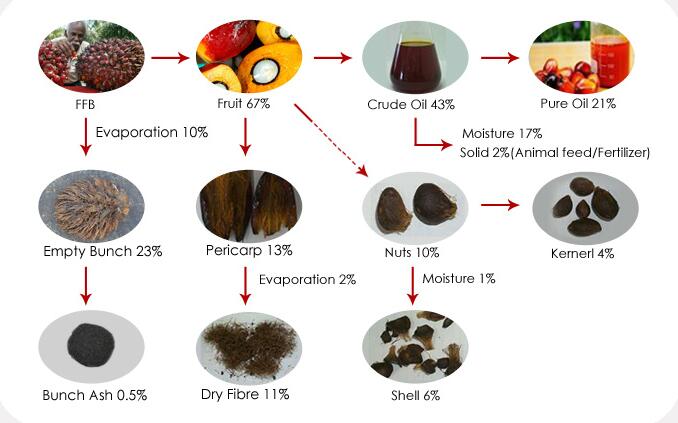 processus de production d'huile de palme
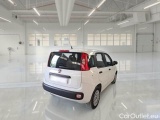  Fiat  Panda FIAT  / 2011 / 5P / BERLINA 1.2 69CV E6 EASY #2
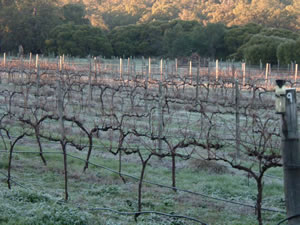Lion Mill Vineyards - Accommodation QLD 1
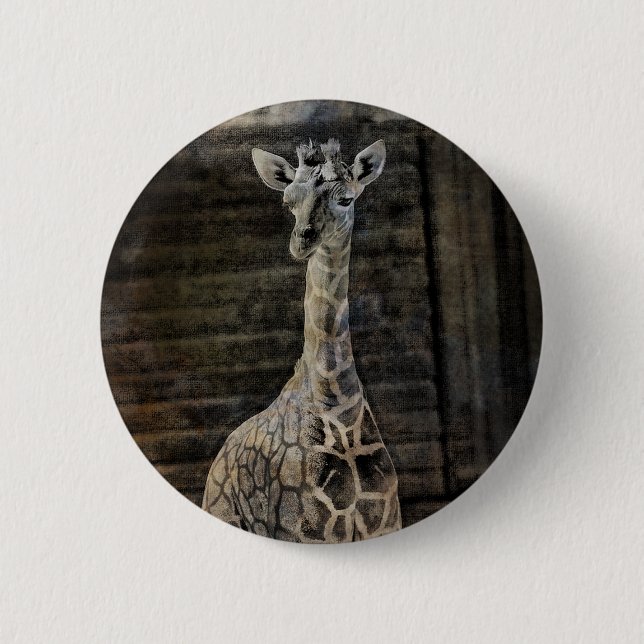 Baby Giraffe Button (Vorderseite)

============================================================

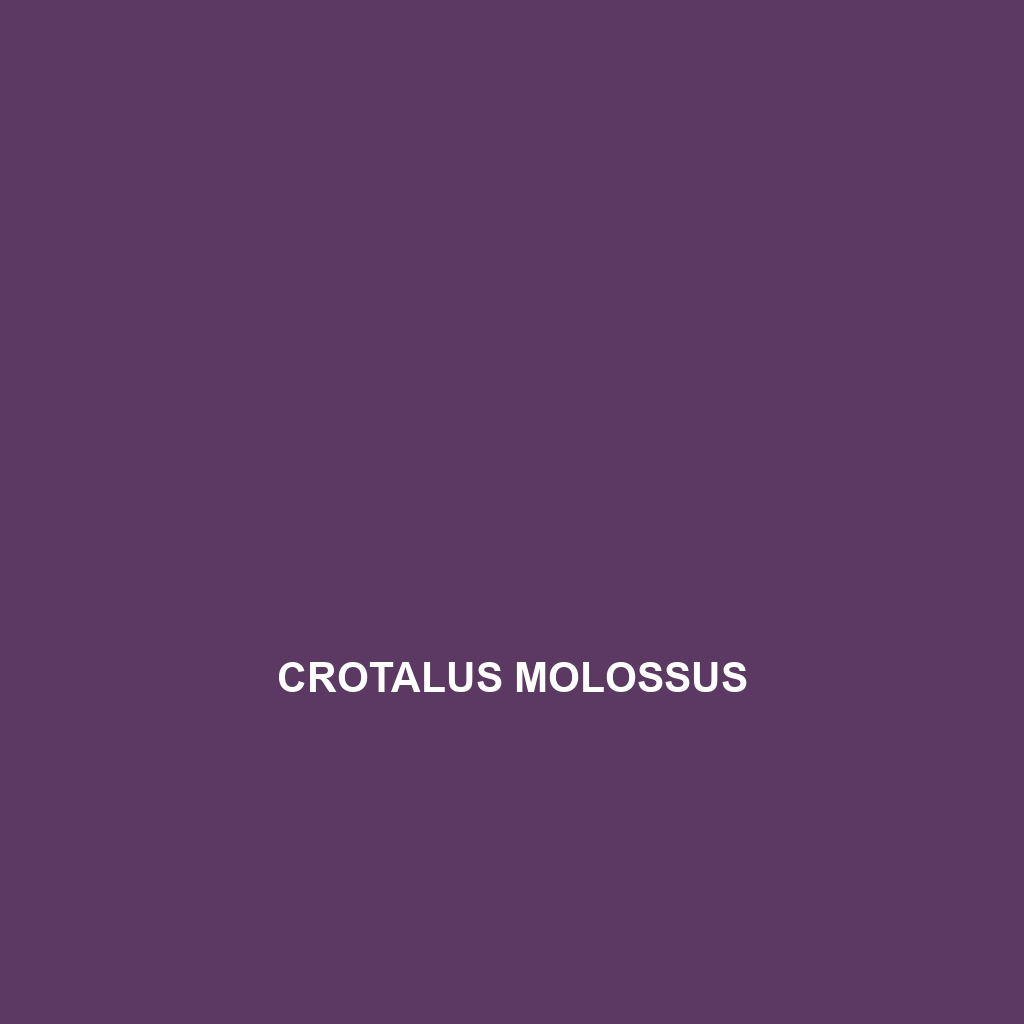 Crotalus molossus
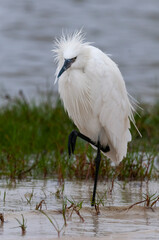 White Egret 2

============================================================

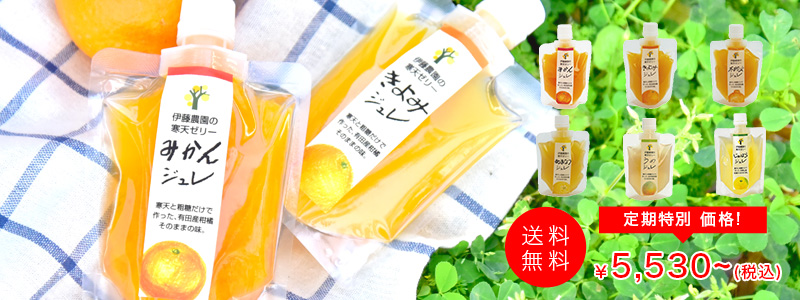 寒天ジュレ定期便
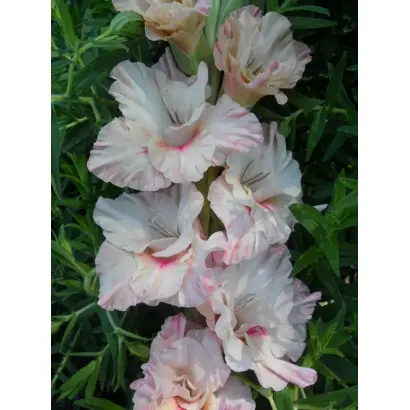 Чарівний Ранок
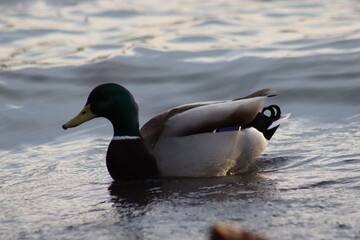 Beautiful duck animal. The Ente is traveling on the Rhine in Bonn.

============================================================

> Task to carry out
The copy should hold exactly the lines above from the one with "69CV E6 EASY #2" through the one with "Baby Giraffe Button (Vorderseite)", both ends counted, and no pictures at all.

> Answer to this exercise
  Fiat  Panda FIAT  / 2011 / 5P / BERLINA 1.2 69CV E6 EASY #2
Lion Mill Vineyards - Accommodation QLD 1
 Baby Giraffe Button (Vorderseite)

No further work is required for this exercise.